START Given entries
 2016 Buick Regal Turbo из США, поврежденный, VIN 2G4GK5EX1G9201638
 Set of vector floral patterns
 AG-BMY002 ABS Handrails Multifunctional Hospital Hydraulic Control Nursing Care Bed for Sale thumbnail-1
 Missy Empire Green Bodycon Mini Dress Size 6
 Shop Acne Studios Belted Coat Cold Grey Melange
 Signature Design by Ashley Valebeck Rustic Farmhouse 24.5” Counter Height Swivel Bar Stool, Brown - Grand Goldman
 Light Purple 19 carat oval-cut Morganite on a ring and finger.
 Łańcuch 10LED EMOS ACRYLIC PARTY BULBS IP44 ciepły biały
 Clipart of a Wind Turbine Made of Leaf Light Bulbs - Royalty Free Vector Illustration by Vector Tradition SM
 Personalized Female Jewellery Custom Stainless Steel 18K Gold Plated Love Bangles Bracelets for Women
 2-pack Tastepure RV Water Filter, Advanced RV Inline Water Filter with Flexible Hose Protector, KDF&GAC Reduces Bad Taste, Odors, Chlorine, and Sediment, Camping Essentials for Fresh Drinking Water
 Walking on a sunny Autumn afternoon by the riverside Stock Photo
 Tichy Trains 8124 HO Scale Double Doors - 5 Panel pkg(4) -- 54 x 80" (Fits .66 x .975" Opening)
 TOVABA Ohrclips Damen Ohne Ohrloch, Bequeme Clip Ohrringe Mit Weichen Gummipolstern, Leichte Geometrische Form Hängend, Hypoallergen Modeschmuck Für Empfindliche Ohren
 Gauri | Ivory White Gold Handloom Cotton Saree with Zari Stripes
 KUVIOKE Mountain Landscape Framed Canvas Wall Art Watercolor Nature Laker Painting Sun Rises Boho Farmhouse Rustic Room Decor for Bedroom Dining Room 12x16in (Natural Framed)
END Given entries
▶ _What is required_:
What do the lines above say from the one containing "TOVABA Ohrclips Damen" down to the one containing "Gauri | Ivory"? Return them exactly, both end lines included, and only them.

▶ _Answer to this task_:
 TOVABA Ohrclips Damen Ohne Ohrloch, Bequeme Clip Ohrringe Mit Weichen Gummipolstern, Leichte Geometrische Form Hängend, Hypoallergen Modeschmuck Für Empfindliche Ohren
 Gauri | Ivory White Gold Handloom Cotton Saree with Zari Stripes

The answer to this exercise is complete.